The gearbox feels slick and easy to use. Ride quality is slightly on the stiffer side. Ford has ensured the steering feels precise, like on the Figo and Aspire. The torque curve is pretty linear, being a naturally-aspirated petrol, but that makes it easy to drive in the city.
We took it on a short hill-climb up to the Nahargarh Fort and with four on board with the AC, it did not run out of breath.
Key Features of the Freestyle
It's no longer big news to be talking about safety features in cars – 2 airbags and ABS are now standard fare on almost all. The Freestyle has that on all variants, and includes 6 airbags, electronic stability control, traction and what Ford calls ARP (active rollover protection) as well. ARP can help brake individual wheels to prevent the vehicle from tipping over.
Besides that, the Titanium plus also has hill assist – where the brakes hold the vehicle for a few seconds to prevent it rolling back. Storage spaces are plenty in the front, including large door pockets and two cup holders. It gets a 12v charging point and two USB ports.
Automatic climate control, keyless entry, push-button ignition, power-folding mirrors are all present on the top-end variant. The Sync 3 infotainment system has emergency calling and Android Auto built-in, with a six-speaker audio system.
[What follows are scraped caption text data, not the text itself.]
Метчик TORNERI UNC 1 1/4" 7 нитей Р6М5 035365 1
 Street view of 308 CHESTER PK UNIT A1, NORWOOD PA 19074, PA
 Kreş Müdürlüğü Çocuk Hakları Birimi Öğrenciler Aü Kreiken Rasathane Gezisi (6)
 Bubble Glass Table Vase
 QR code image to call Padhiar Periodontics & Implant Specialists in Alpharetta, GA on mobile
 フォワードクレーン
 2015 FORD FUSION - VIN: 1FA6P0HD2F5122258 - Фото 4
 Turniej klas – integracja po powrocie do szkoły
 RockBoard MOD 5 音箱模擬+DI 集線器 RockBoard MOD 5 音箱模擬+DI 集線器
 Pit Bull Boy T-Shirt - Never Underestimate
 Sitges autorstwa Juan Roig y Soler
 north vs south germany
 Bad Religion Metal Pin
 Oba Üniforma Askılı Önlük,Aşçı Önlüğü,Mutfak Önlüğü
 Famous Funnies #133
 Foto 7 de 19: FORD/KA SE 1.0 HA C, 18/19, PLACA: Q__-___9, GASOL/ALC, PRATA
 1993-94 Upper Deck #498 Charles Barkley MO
It also gets reverse parking sensors and a camera, but no cruise control. All-in-all, it is pretty feature packed.
Who Would Buy One?
Overall, the Ford Freestyle makes a good case for itself. Sure, it isn't really radical when it comes to styling, but this cross-hatch has a pretty decent amount of utility thrown in. The biggest draw is the additional ground clearance it offers. And for those of you looking for a punchy petrol motor, this 1.2 litre will appeal to you. The 1.5 diesel is a tried and tested unit, and would suit those looking at longer commutes or road trips.
At the launch prices of between Rs 5.09 lakh to Rs 7.89 lakh, the Ford Freestyle offers great value for money as well - it is even cheaper than the Figo hatchback!